Provided data.
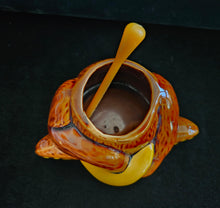 Load image into Gallery viewer, Vintage Houston Foods Co. Brown Bear Ceramic Honey Pot Jar Canister w/ Dipper Taiwan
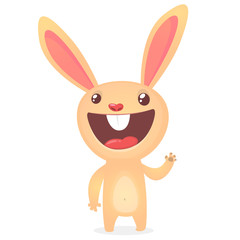 Rabbit or Easter Bunny cartoon character. Vector illustration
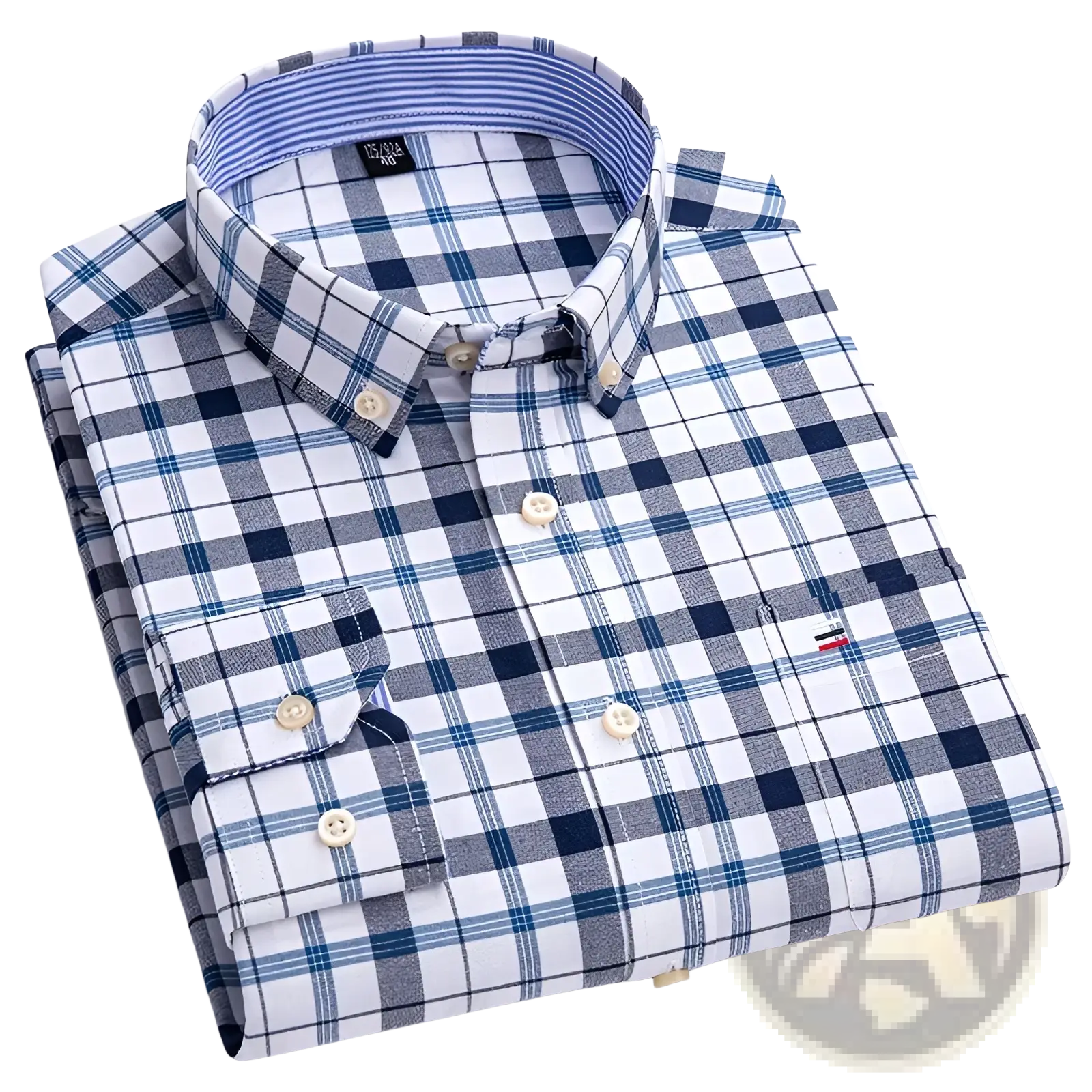 Men plus size cotton oxford plaid shirt featuring blue white and gray button-down design with cream-colored buttons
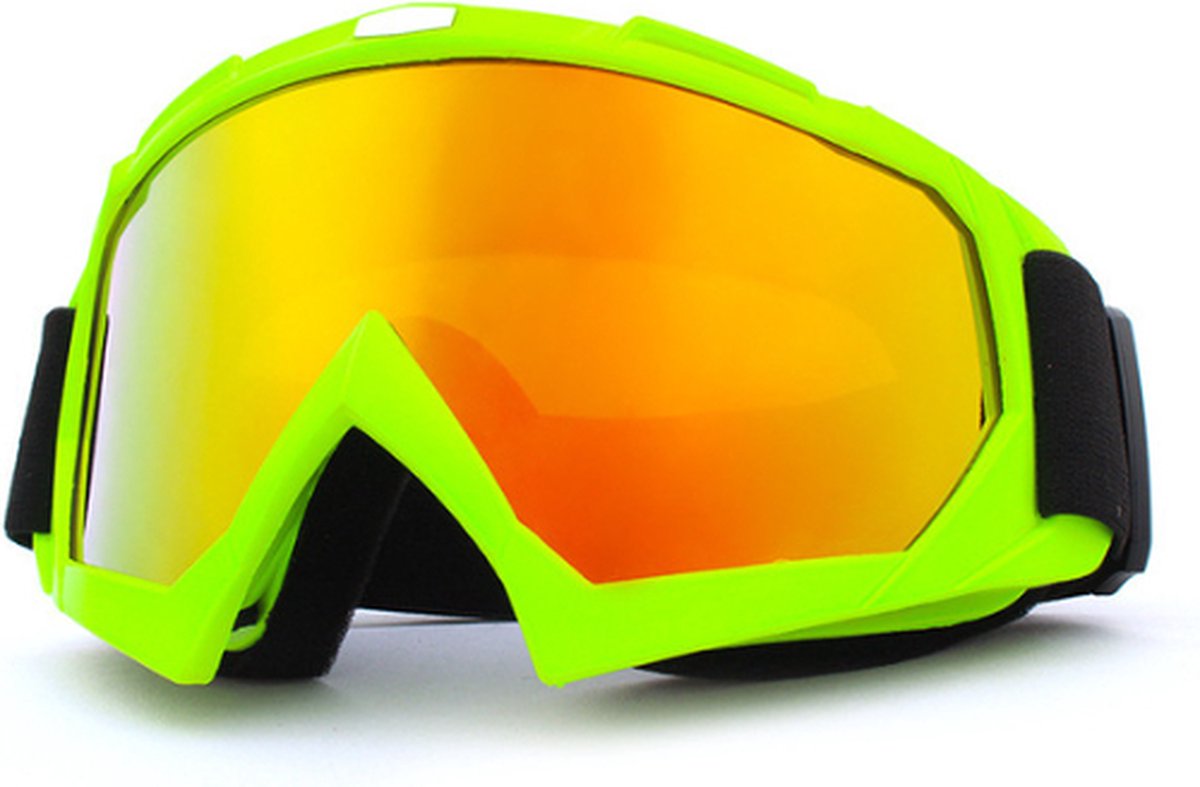 Skibril groen- multicolor glazen - multicolour- beslaat niet - anti fog -  snowboard -... | bol.com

Task.
At the line containing "Rabbit or Easter", start reproducing exactly, and stop after the last line of the listing; include both ends, and leave the pictures out.

Exercise answer.
 Rabbit or Easter Bunny cartoon character. Vector illustration
 Men plus size cotton oxford plaid shirt featuring blue white and gray button-down design with cream-colored buttons
 Skibril groen- multicolor glazen - multicolour- beslaat niet - anti fog -  snowboard -... | bol.com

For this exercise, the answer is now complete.